# [TRY IT]
Starting with the line that contains "Vintage Imperial glass" and stopping after the line that contains "18k Gold over", return each line below exactly as written, with no others.

# [PROVIDED RECORDS]
•••
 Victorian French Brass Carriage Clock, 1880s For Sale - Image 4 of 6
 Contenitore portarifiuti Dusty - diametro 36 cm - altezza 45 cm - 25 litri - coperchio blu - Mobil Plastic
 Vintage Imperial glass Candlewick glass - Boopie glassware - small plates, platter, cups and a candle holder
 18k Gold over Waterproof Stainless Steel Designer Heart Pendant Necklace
•••
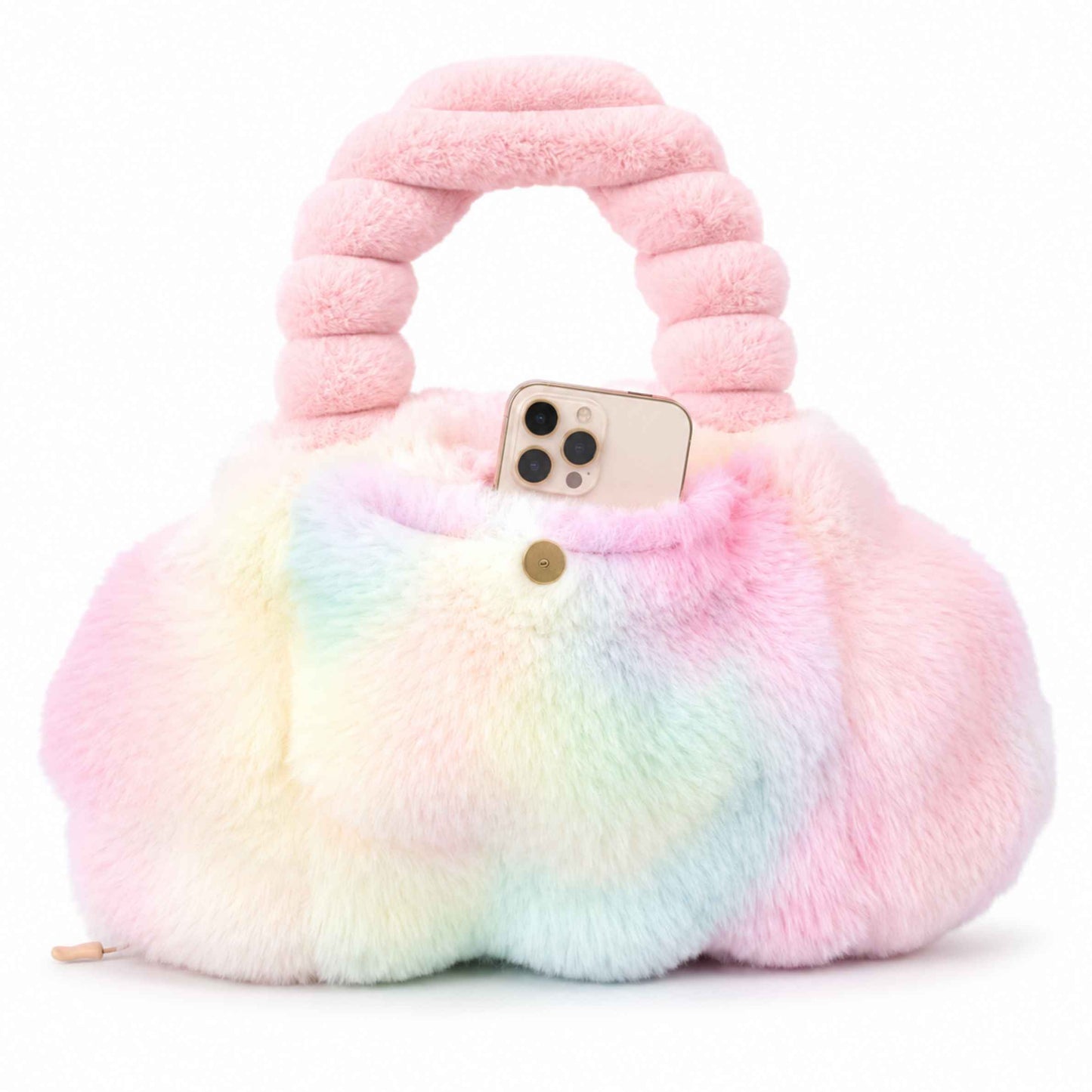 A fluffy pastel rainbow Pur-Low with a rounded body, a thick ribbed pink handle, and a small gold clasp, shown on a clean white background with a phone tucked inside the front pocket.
•••
# [RESULT FOR THIS EXERCISE]
 Vintage Imperial glass Candlewick glass - Boopie glassware - small plates, platter, cups and a candle holder
 18k Gold over Waterproof Stainless Steel Designer Heart Pendant Necklace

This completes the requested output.